SEPTA’s regional rail connects the suburbs with service to Center City, Philadelphia. There are stops at 30th Street Station, Suburban Station and Market East Station. The scene inside Suburban station on Wednesday evening was chaotic with frustrated commuters packing the cattle-pen like structures that led to the platforms. Delays were as long as 90 minutes for the Chestnut Hill East train going to Trenton.
“There isn’t anything we can do about the situation so I’ve just been making the best of it. One thing I have noticed is that the delay has people slowing down, not by choice, but you are getting a chance to talk to your fellow commuters,” Jack Crawford, a graduate student at Villanova who works in Center City, said.

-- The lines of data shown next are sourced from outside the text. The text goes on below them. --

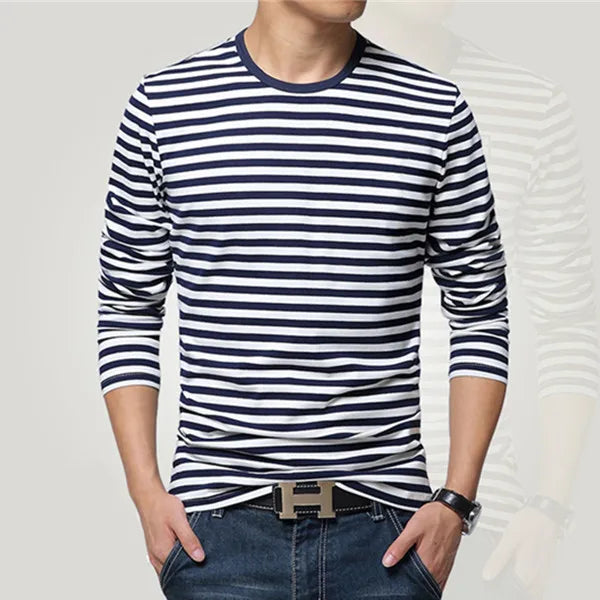 Hehope Men T-Shirt For Men Clothing Harajuku Women's t-shirt Slim Fit Cotton Stripe Long Sleeve Shirt Plus Size Fashion T-Shirts Top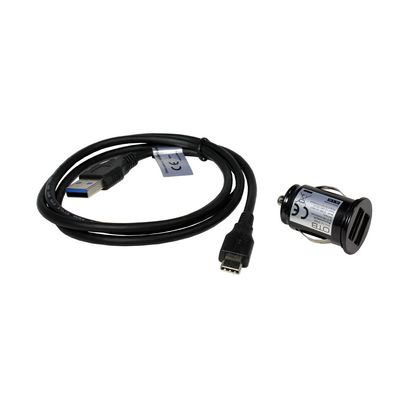 Dual USB Car Adapter and USB Cable Compatible with AGM M6, USB 3.0, 2100 mA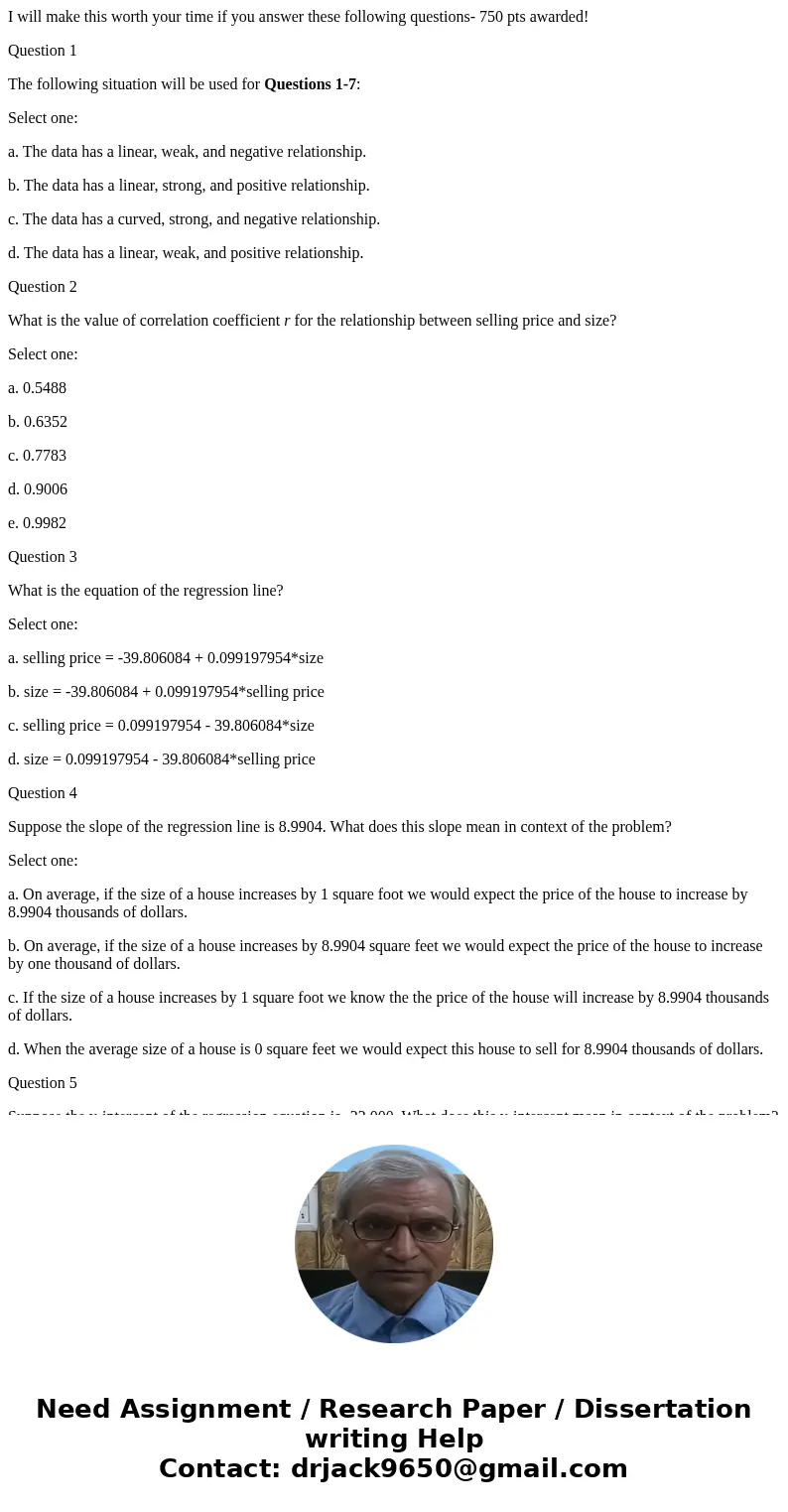 I will make this worth your time if you answer these following questions- 750 pts awarded! Question 1 The following situation will be used for Questions 1-7: Se I will make this worth your time if you answer these following questions- 750 pts awarded! Question 1 The following situation will be used for Questions 1-7: Se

His observations were correct. Conversations on the R5 platform could be overheard with some commuters commiserating on the length of what is normally a speedy and efficient commute. Some were discussing the Phillies’ loss, the stock market and business in their respective fields.
One thing the strike did was bring people together. “During a normal trip home I would move as quickly as possible to get on the train, put my headphones in and have a quiet ride home, this week is different for some reason. I guess it’s nice to know that everyone is in the same boat as me,” Crawford said.
By Friday the morning trains were running with minimal delays, grumbling passengers had settled into a routine of being inconvenienced by the strike and SEPTA workers were better prepared to handle the influx of additional traffic. “I have been through three strikes since I came to work here in 1998. They all start the same, very disorganized and chaotic because we aren’t entirely sure what to anticipate. Passengers who aren’t familiar with regional rail have a rough time learning routes that are new to them. Usually, in my opinion by the second or third day things are routine. You know what to expect,” Jeanne Robinson, a SEPTA employee for 10 years who works in the Wynnewood ticket office, said.
The evening rush hour on Friday was a scene of controlled chaos with SEPTA employees shouting over massive crowds flocking to the lines for their platform. Commuters seemed to know the drill by the end of the week and joined long lines armed with more patience then at the start of the week.
SEPTA has been on strike three times since 1998, a track record that is alarming when big cities like New York and Washington D.C. are touting the efficiency of their public transportation systems. It has also affected an estimated 54,000 public and parochial school students who take SEPTA to school. “Our expectations are for students and employees to do their best to come to school,” school district spokesman Fernando Gallard said. “We’re just hoping for the best here.”
The strike ended on Monday, Nov. 9 following union negotiations.